By Davide Barbuscia
NEW YORK (Reuters) – Vanguard’s new chief, Salim Ramji, said on Wednesday that he plans to expand the fixed income offering of the U.S. top asset manager given the market’s size and opportunities.
Ramji said that there was an opportunity to take “the same mindset” Vanguard has brought the equities market to the fixed income market.
“Our clients can benefit from that type of mindset. … They can get better and better quality fixed income exposure,” he said at the Financial Times’ Future of Asset Management North America conference in New York. “It goes back to our sense of mission and purpose around how you reduce costs and give people a higher quality set of exposures.”

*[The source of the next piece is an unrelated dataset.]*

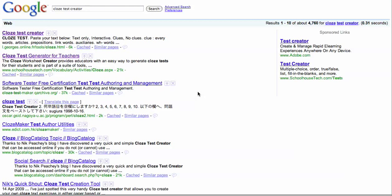This is just going to be a short video tutorial on how to use this program, Cloze Test Creator.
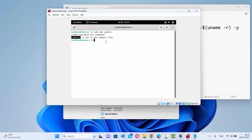The root user has all the privileges, but we have logged in as a new user — in my case it's codebind. To solve this, just write su followed by a space and a hyphen, then press enter, and give your root password which you provided at the time of installation. Now I am logged in as a root user.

Vanguard, with about $9 trillion in assets under management, is the world’s second-largest asset manager after BlackRock.
Ramji, who became Vanguard’s chief executive officer in July, replacing Tim Buckley, joined the Malvern, Pennsylvania-based firm from BlackRock, where he was responsible for two-thirds of the firm’s assets and growth.

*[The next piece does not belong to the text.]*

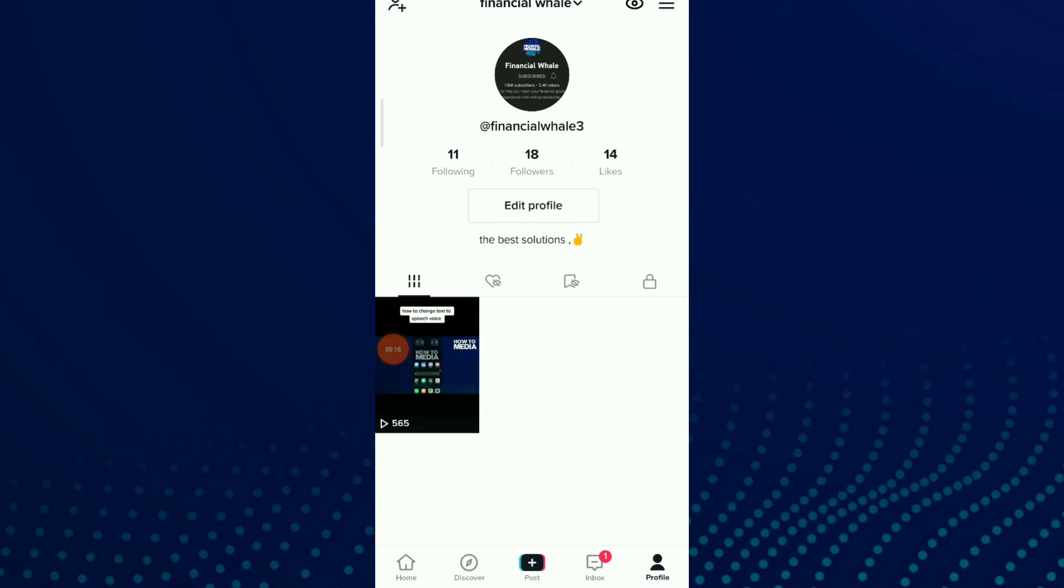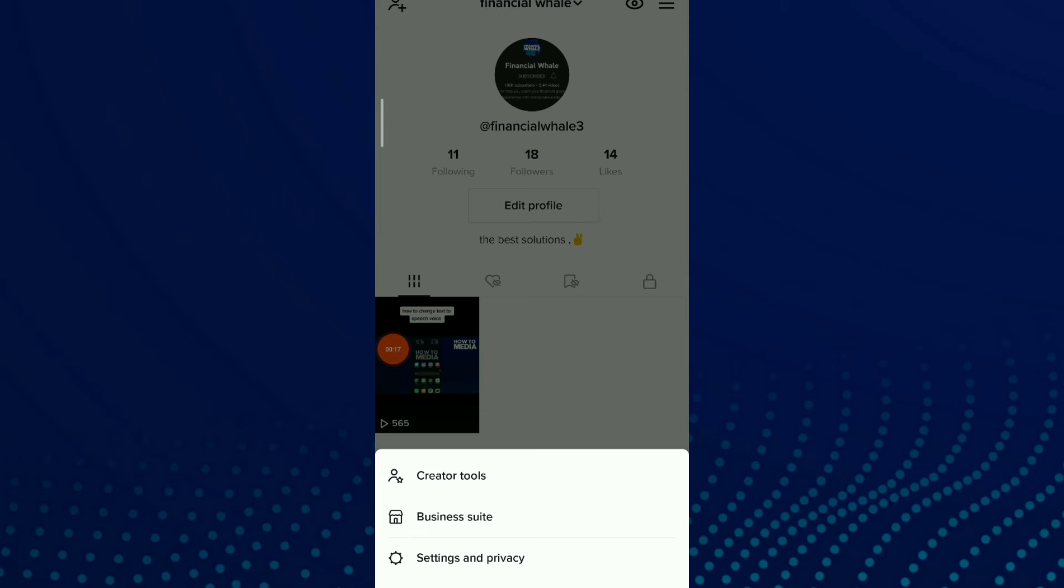And here click on those three lines up there and click on Settings and Privacy.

The two firms are the largest providers of exchange traded funds (ETFs) – low-cost products often aimed at retail investors as a cheap way to invest in the world’s biggest markets.
Fixed income markets have experienced severe volatility over the past two years as a rapid succession of hikes in interest rates across developed markets has hit bond prices and boosted yields. At the same time, higher yields have attracted hefty inflows into the asset class.

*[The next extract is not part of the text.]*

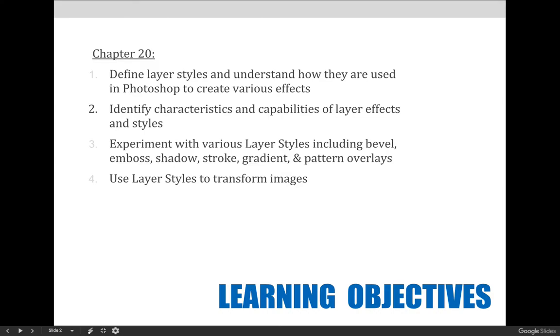You'll experiment with various layer styles including bevel, emboss, shadows, strokes, gradients, and pattern overlays. You will also learn how to use layer styles to transform your images.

“When you look at the macro environment for fixed income today , relative to say 10 years ago, it has a really important place,” said Ramji. “It’s going to be more important based on … our views of the long-term rate environment,” he added.
Ramji said he was also looking at opportunities in private markets, a sector that includes debt and equity that is not publicly traded or listed. “In privates we’re open to exploring partnerships,” he said.